Женщина ставится в ряд природных стихий, отношение к которым мыслится здесь только в форме подавления, «борьбы с природой». Мизогиническая тема у Маяковского – свидетельство подлинности его поэтического – революционного и романтического – стиля. И совершенно противоположно этому отношение к теме у Пастернака, для которого революция – это бунт самой стихии, метонимией каковой выступает женщина; но этот бунт одновременно – исполнение стихии, реализация ее назначения, именно здесь, а не во внеположном действии активного мужского начала, осуществляется сама революция, являющая реализацию некоей природной нормы, «обожение бытия». Эту тему Пастернака можно выразить словами Блока, сказавшего, что потаенный мотив всех революций – возвращение к природе. Это руссоизм, то есть то же славянофильство.
Так пахла пыль. Так пах бурьян.
И, если разобраться,
Так пахли прописи дворян
О равенстве и братстве.
В современных терминах, Пастернак – «зеленый».
Мы должны, однако, помнить, что Пастернак принял не только «лето семнадцатого года», но и его осень. Говорить о лояльности Пастернака к большевизму не приходится, потому что тут было нечто большее и значительнейшее. Я бы сказал, что было видение самого большевизма в женском образе. Тут и делается понятной тема женского бунта у Пастернака, тема революции как восстания поруганной женственности.

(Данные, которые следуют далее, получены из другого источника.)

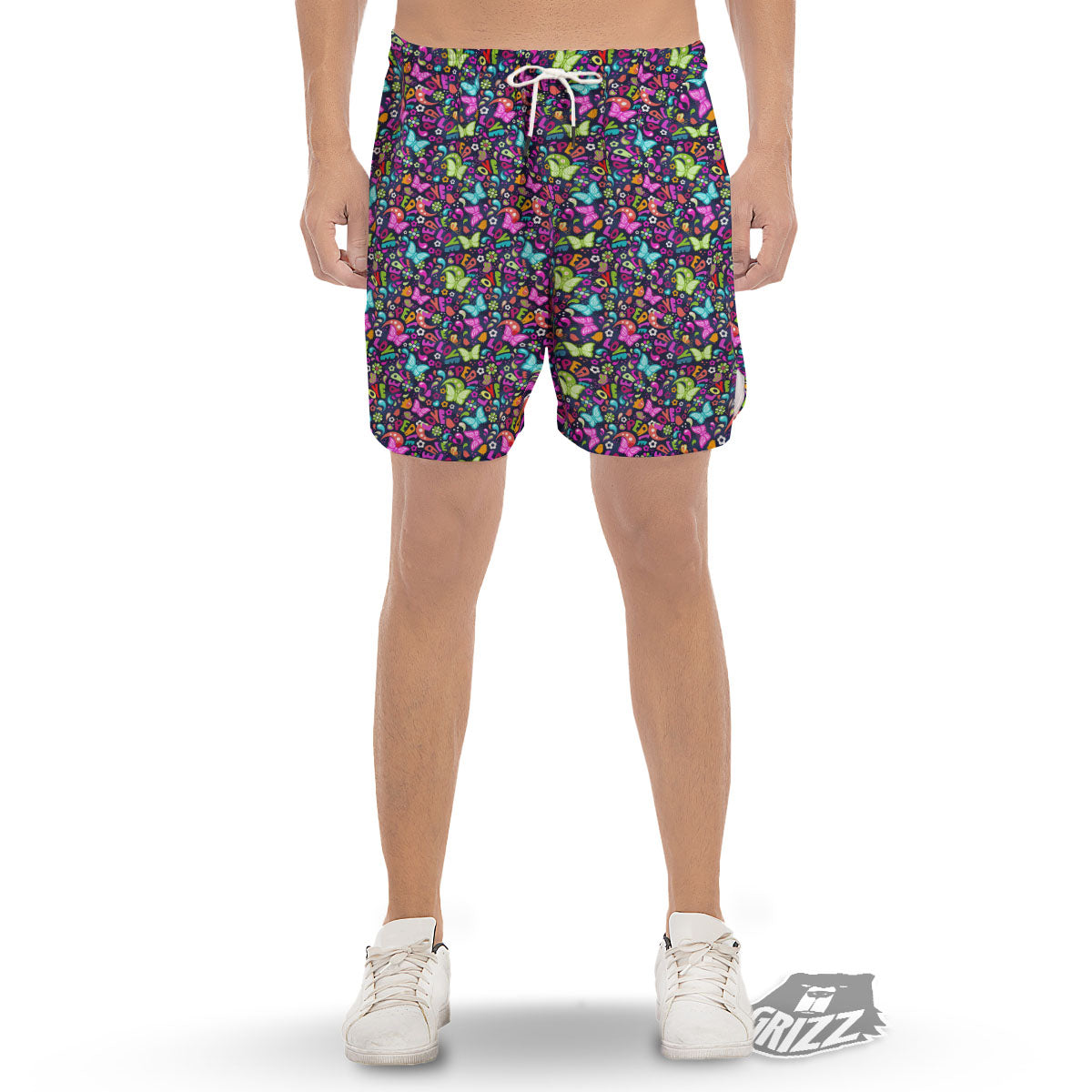 Peace Groovy Girly Print Pattern Men's Gym Shorts-grizzshop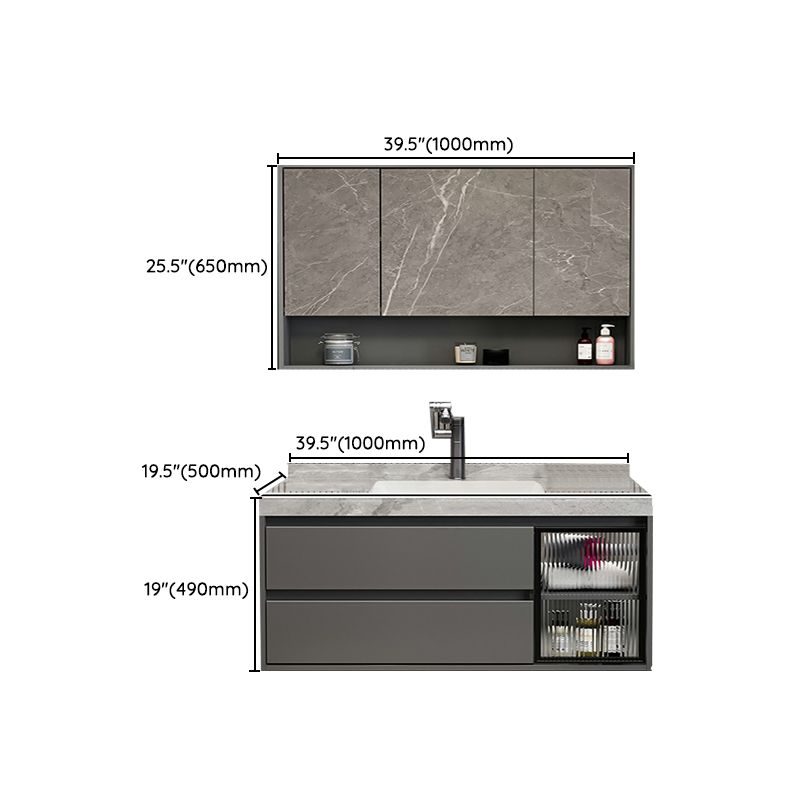 Grey Modern Wood Wall Mount Single-Sink Bathroom Vanity Set Clearhalo 'Bathroom Remodel & Bathroom Fixtures' 'Bathroom Vanities' 'bathroom_vanities' 'Home Improvement' 'home_improvement' 'home_improvement_bathroom_vanities' 1200x1200_c678cf2d-922b-4d7b-845e-a5a3315f326f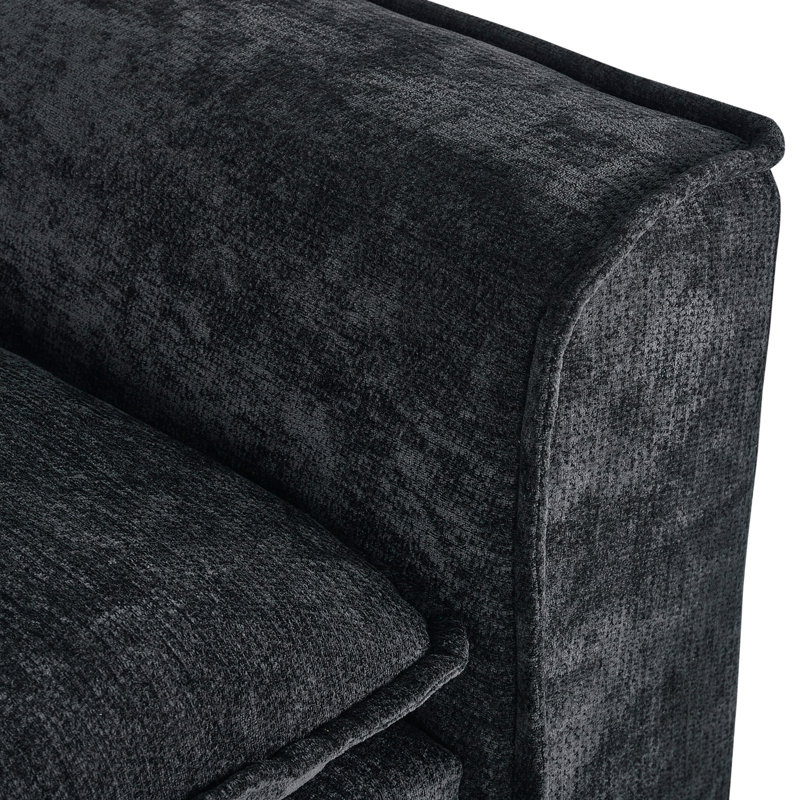 Convertible Sectional Sofa Couch, 4 Seat Sofa Set for Living Room L-Shaped Modular Sofa with Ottoman, Black Chenille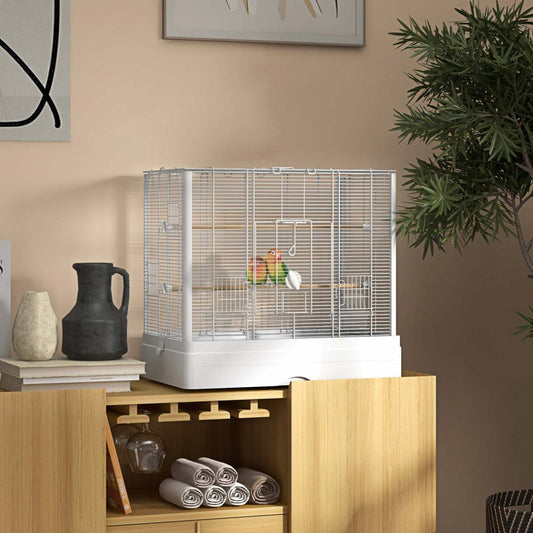 Pawhut 22 Cage à Oiseaux Pour Perruche, Pinsons, Canaris, Perroquets Amoureux, Grande Cage à Perroquet Avec Supports en Bois, Plateau Amovible, Poignée, Contenants Alimentaires, Blanc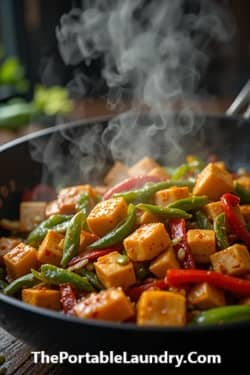 Spicy Tofu and Edamame Stir-Fry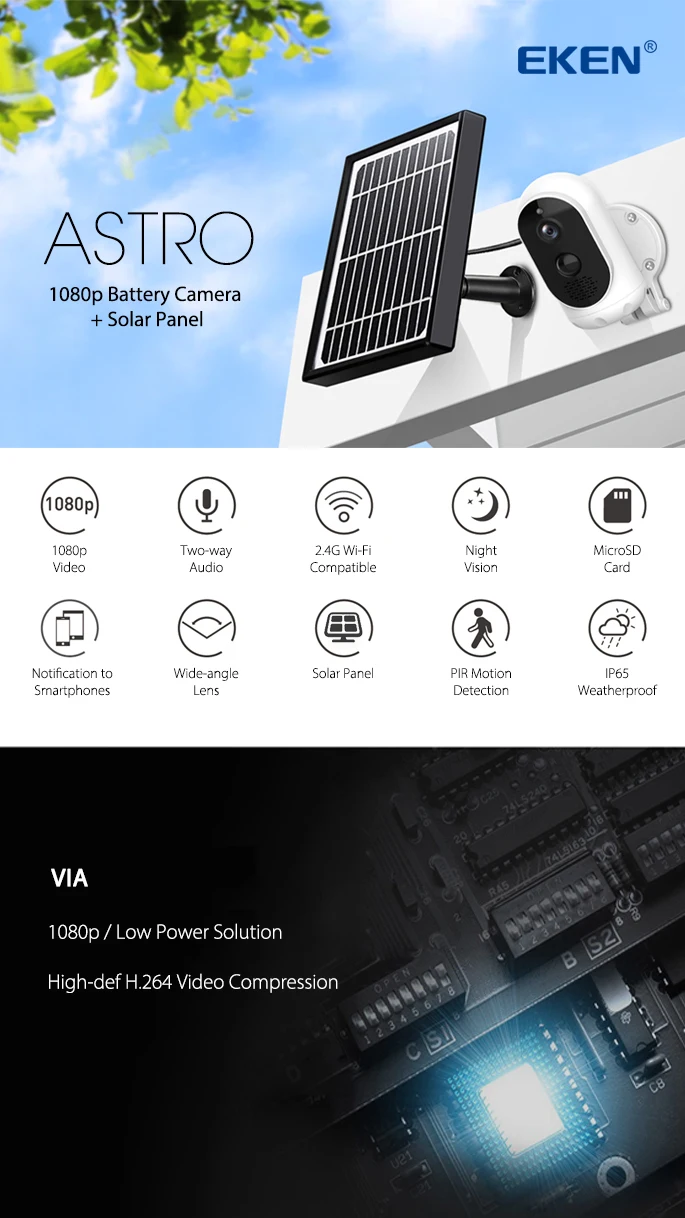 EKEN ASTRO SOLAR PANEL WIRELESS 1080P NIGHT VISION OUTDOOR SECURITY CAMERA 5 EKEN ASTRO SOLAR PANEL WIRELESS 1080P NIGHT VISION OUTDOOR SECURITY CAMERA 5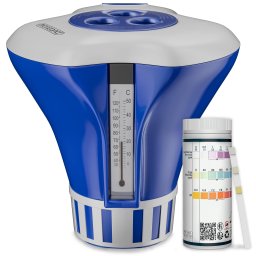 Doseervlotter voor zwembaden 20-200g tabletten inclusief 150 3in1 teststrips UV-bestendige chloordrijver met thermometer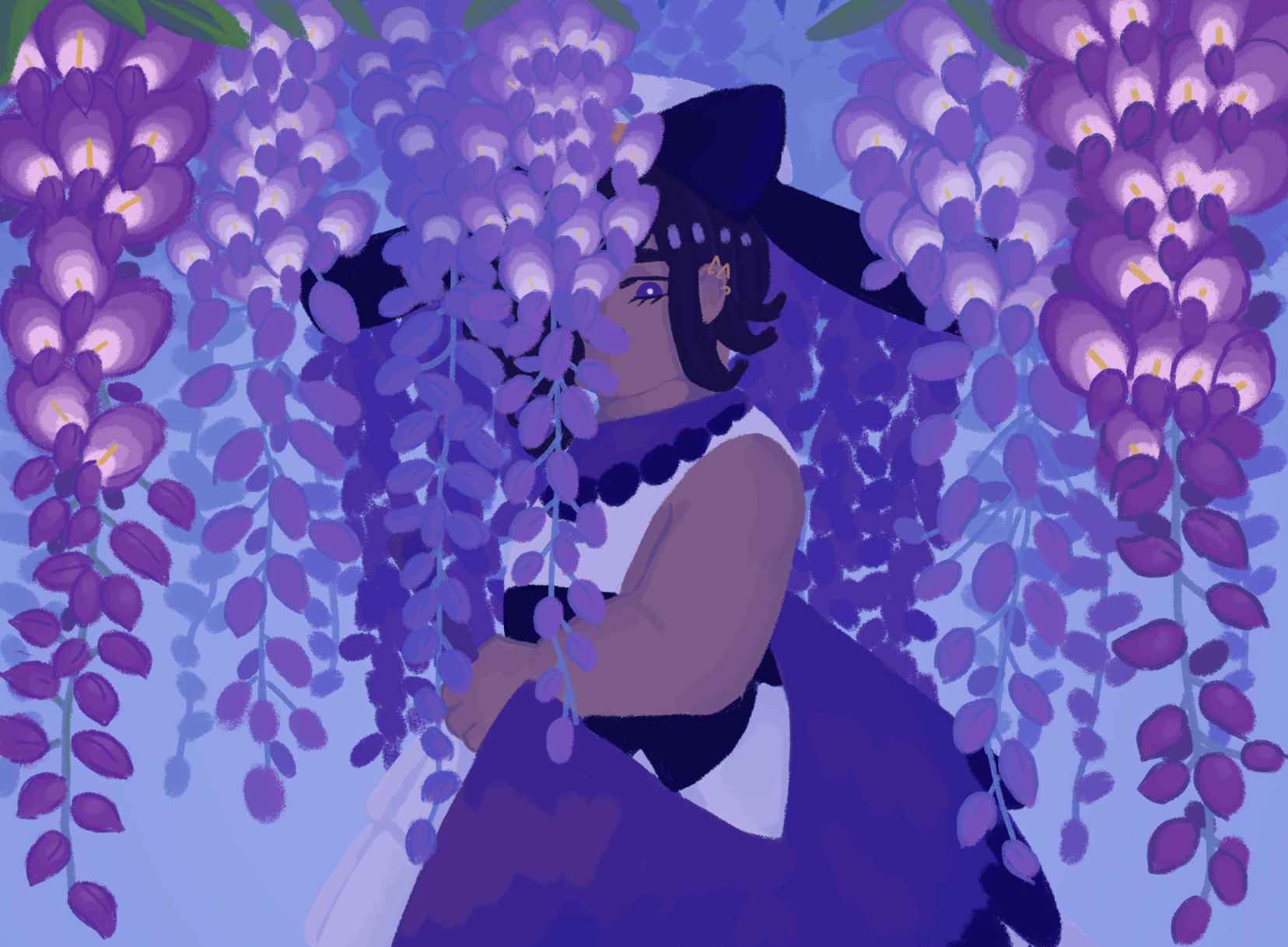 Illustration of Wisteria surrounded by wisteria vines, partially covering his face.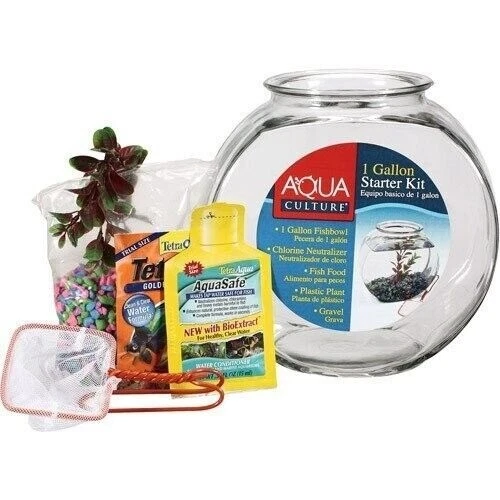 Best Decor 1-Gallon Fish Bowl Starter Kit, Fish Keeping, Net, Food, New Aquarium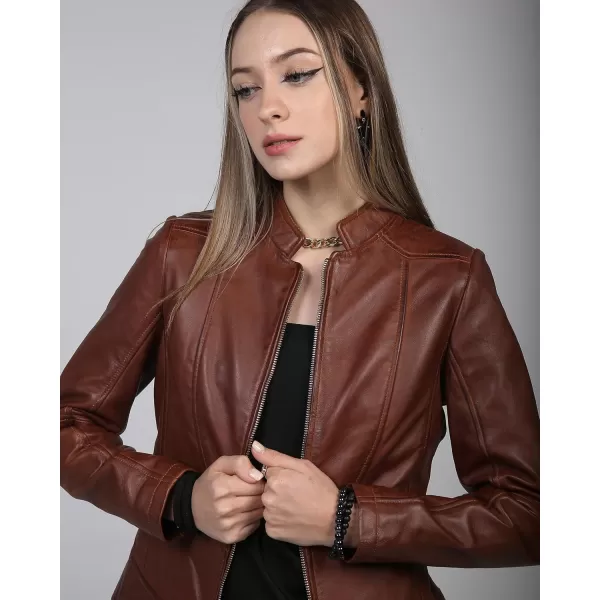 imageBlingsoul Leather Jacket Women  Cafe Racer Real Lambskin Womens Leather JacketAmy  Cognac Jacket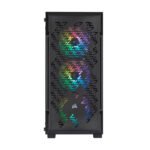 Corsair iCUE 220T RGB Mid-Tower Steel Plastic Side Tempered Glass Panel Case With 3 RGB Fans - Black - Image 3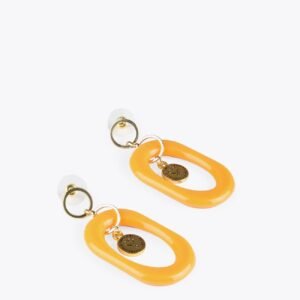 PENDIENTES ARO RECTANGULAR NARANJA LOLA CASADEMUNT 22310002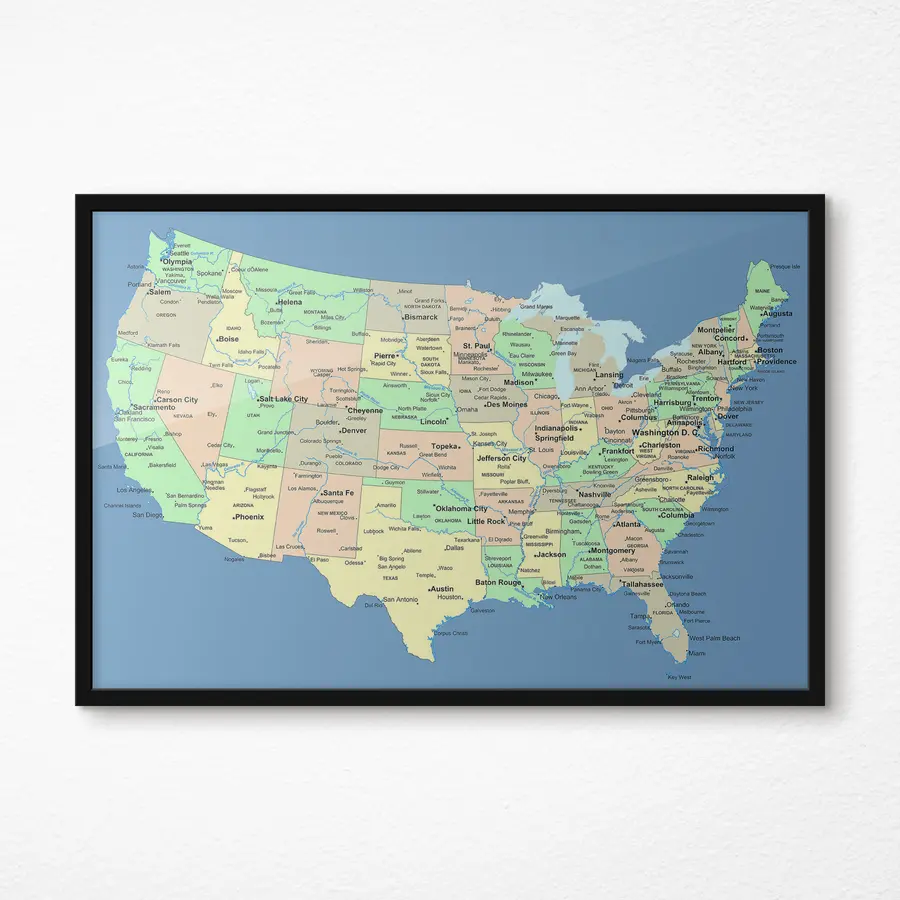 Papier peint photo Carte des États-Unis affichée f09911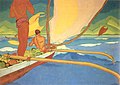 Image 43Men in an Outrigger Canoe Headed for Shore, an oil painting by Arman Manookian depicting the Vezo people, c. 1929 (from History of Madagascar)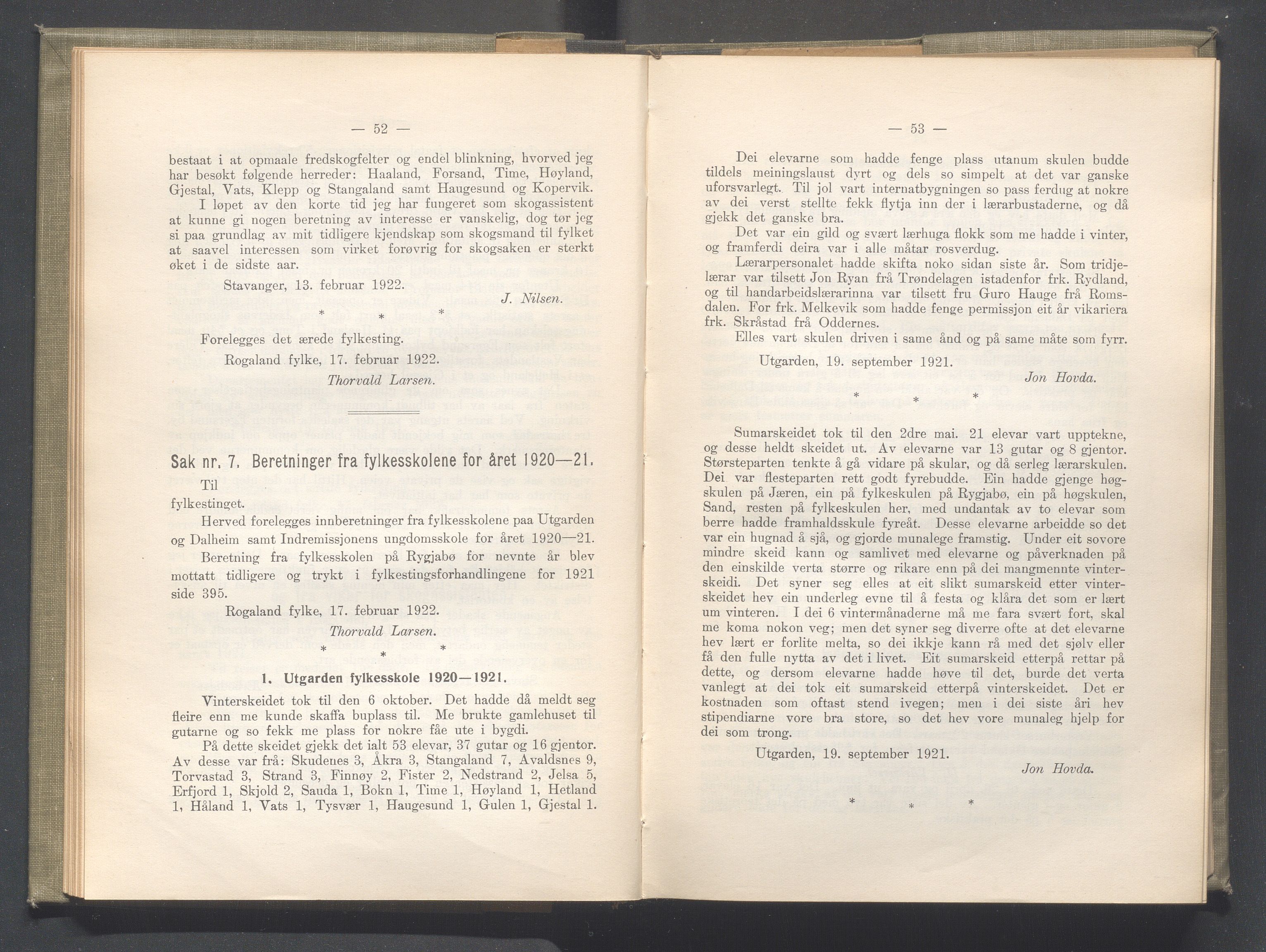 Rogaland fylkeskommune - Fylkesrådmannen , IKAR/A-900/A/Aa/Aaa/L0041: Møtebok , 1922, p. 52-53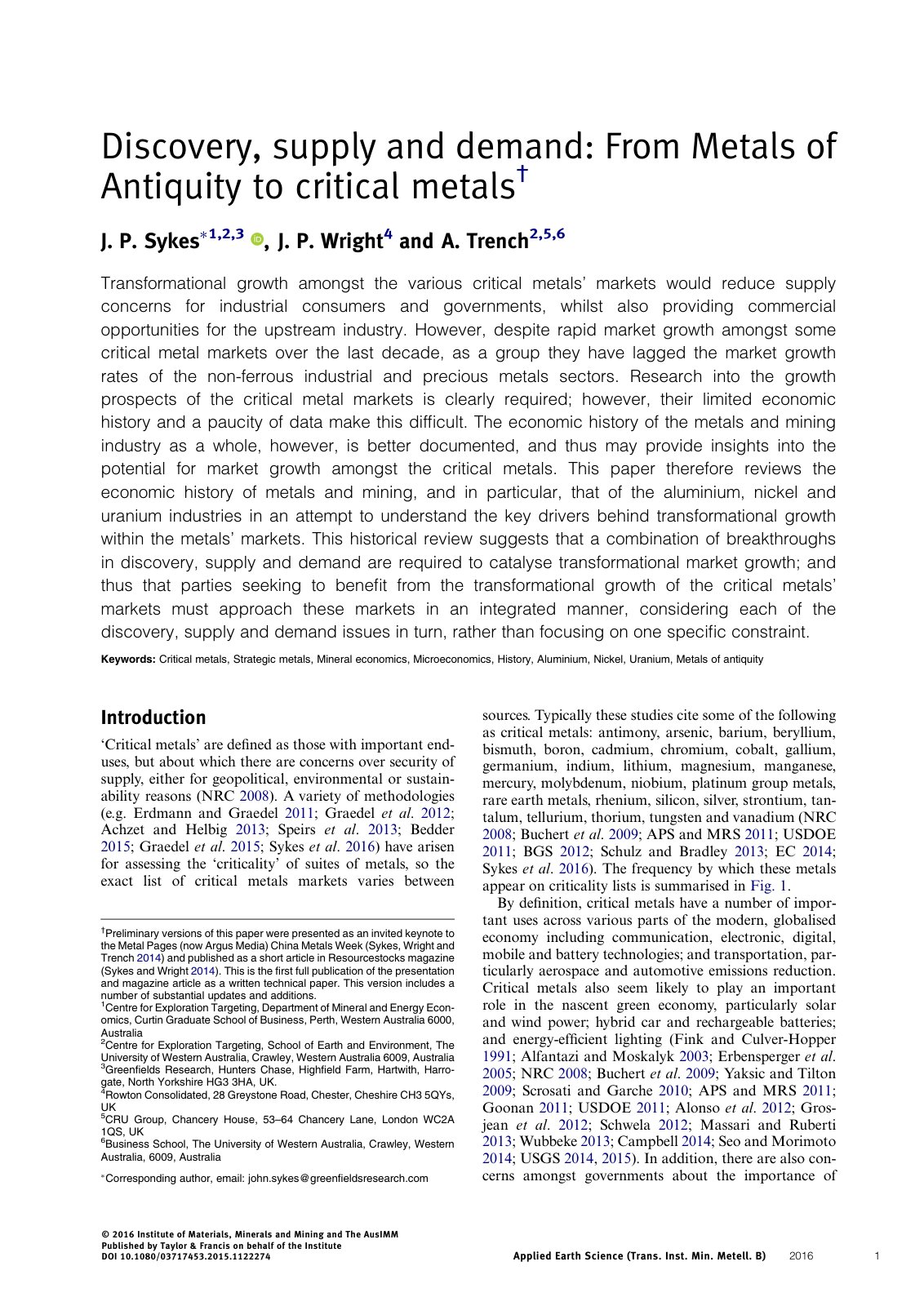 First page of Discovery supply and demand From Metals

Здесь нужно привести одно место из «Охранной грамоты»: «...весной девятьсот первого года в Зоологическом саду показывали отряд дагомейских амазонок... первое ощущенье женщины связалось у меня с ощущеньем обнаженного строя, сомкнутого страданья, тропического парада под барабан... раньше, чем надо, стал я невольником форм, потому что слишком рано увидал на них форму невольниц».
Итак, тема женщины, образ женщины связываются у Пастернака с темой и образом неволи, насилия. Место, в которое помещена женщина, – зоологический сад, место укрощения зверей, вызывающего (ницшеанский) образ плетки: образ, который будет вытесняться отрицанием романтической позы поэта-сверхчеловека. Естественно, ситуация насилия вызывает также представление о крови; но здесь же возникает обратное представление о естественной связи женского начала с кровью. И тут нам не может не вспомниться соответствующая глава из «Детства Люверс». Возникновение женщины в девочке, любовницы в женщине и матери в ней – все это положения, в которых естественен и закономерен образ крови. Отношение к женщине у Пастернака приобретает амбивалентную окраску, когда насилие и кровь воспринимаются условием самого женского существования и в то же время – мотивировкой бунта. Несомненно, в этом пастернаковском «комплексе» мы встречаемся – уж коли говорить в психоаналитических терминах – с вытесненным садизмом, прорывающимся в неожиданном у этого поэта сочувствии к кровавой революции. Здесь – и только здесь – следует искать объяснение поразившего Л. Флейшмана факта: чуть ли не отождествления в «Спекторском» Марии Ильиной – с Лениным. (Л. Флейшман: «Эта кощунственная «идентификация» Цветаевой с лидером революции родственна операции отождествления в «Повести» 1929 г. революции с «женским» началом. Более того – это отвечает принципиальной уверенности Пастернака в совпадении полюсов в условиях революционной стихии».)